───── Supplied material
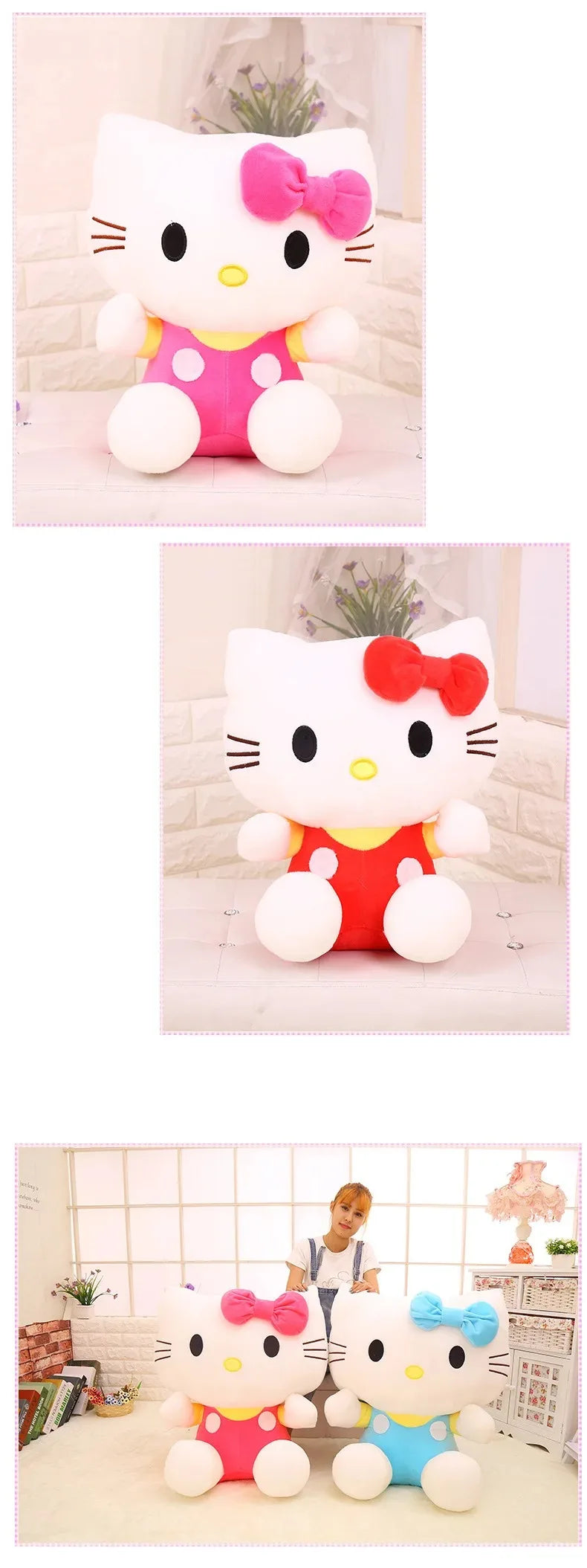 Aoger Plush Nano Doll Stuffed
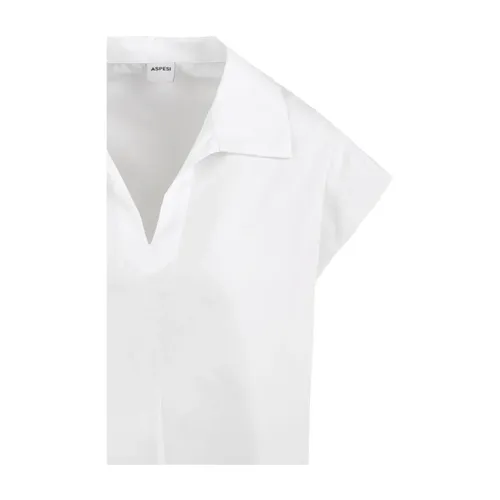 Blouses & Shirts > Blouses - - Aspesi - Modalova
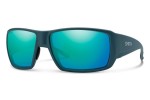 Sunglasses Smith GUIDECXL/S FJM/QG Polarized Rechteck Blau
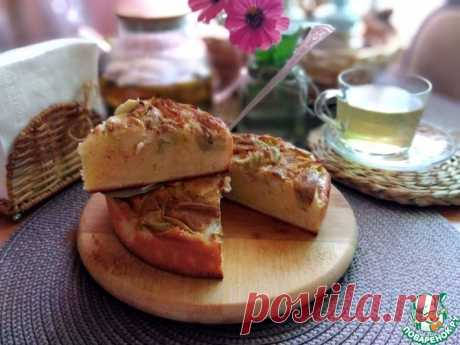 Простейшая шарлотка Кулинарный рецепт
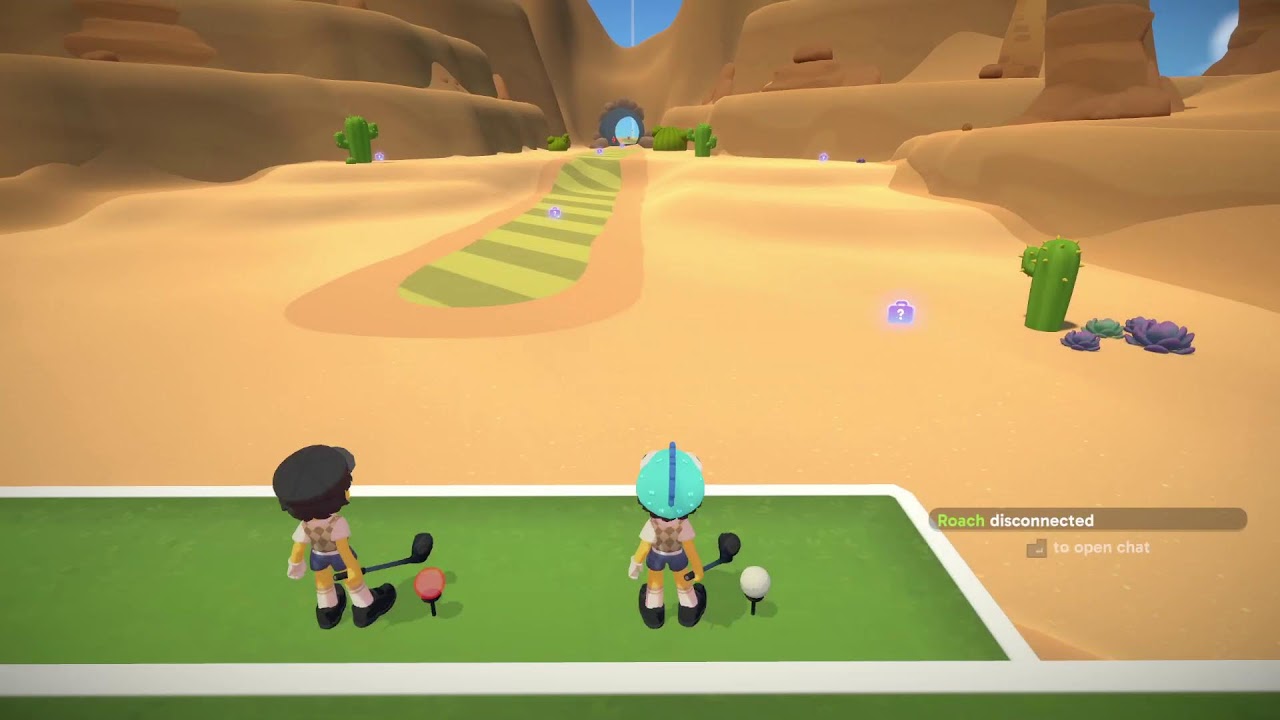 Super Battle Golf - Live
──────────
Aim of the task: Transcribe every entry exactly. Leave out the pictures.

Expected output:
 Aoger Plush Nano Doll Stuffed
 Blouses & Shirts > Blouses - - Aspesi - Modalova
 Sunglasses Smith GUIDECXL/S FJM/QG Polarized Rechteck Blau
 Простейшая шарлотка Кулинарный рецепт
 Super Battle Golf - Live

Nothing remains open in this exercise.